- The problem -
Your reply should consist solely of the number of lines in the data that contain "standing".
═════ Exercise input ═════
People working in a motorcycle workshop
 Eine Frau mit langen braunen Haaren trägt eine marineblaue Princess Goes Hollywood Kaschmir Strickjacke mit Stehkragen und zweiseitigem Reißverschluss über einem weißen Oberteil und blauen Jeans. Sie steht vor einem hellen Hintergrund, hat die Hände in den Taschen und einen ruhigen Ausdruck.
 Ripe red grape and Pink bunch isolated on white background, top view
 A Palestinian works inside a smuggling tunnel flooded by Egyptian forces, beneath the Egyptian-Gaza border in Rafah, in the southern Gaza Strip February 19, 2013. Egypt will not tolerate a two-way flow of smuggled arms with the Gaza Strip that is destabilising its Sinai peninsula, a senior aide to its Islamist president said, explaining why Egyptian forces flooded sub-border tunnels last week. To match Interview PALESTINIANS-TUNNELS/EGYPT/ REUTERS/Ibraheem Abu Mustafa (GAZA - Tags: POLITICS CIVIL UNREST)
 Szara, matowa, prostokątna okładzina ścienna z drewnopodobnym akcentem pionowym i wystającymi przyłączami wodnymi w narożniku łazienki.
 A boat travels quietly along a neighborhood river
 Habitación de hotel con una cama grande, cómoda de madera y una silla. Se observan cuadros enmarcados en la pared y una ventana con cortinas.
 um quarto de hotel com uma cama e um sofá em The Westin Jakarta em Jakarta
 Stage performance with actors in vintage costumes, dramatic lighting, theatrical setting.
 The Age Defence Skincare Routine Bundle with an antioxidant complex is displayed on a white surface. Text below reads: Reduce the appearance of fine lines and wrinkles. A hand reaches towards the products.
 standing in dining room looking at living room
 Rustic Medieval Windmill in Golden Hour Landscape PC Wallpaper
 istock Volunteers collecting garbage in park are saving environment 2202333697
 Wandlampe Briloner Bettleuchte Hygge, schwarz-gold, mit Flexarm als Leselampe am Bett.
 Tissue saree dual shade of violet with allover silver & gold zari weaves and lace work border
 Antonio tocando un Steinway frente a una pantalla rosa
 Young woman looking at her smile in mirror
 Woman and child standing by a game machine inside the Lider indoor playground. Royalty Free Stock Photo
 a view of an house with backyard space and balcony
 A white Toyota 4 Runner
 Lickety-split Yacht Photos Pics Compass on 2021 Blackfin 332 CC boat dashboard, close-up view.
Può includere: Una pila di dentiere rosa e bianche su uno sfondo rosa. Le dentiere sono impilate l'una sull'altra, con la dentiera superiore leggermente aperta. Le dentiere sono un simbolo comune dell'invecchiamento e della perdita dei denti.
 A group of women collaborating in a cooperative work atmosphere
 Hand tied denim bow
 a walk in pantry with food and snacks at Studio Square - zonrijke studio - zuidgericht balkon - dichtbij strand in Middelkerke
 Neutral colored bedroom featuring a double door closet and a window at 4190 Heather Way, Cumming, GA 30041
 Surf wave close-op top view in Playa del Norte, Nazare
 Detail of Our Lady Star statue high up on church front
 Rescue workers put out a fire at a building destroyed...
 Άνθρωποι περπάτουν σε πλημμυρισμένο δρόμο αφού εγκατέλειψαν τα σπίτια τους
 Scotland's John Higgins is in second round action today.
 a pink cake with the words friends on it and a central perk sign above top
═════
- Expected answer -
2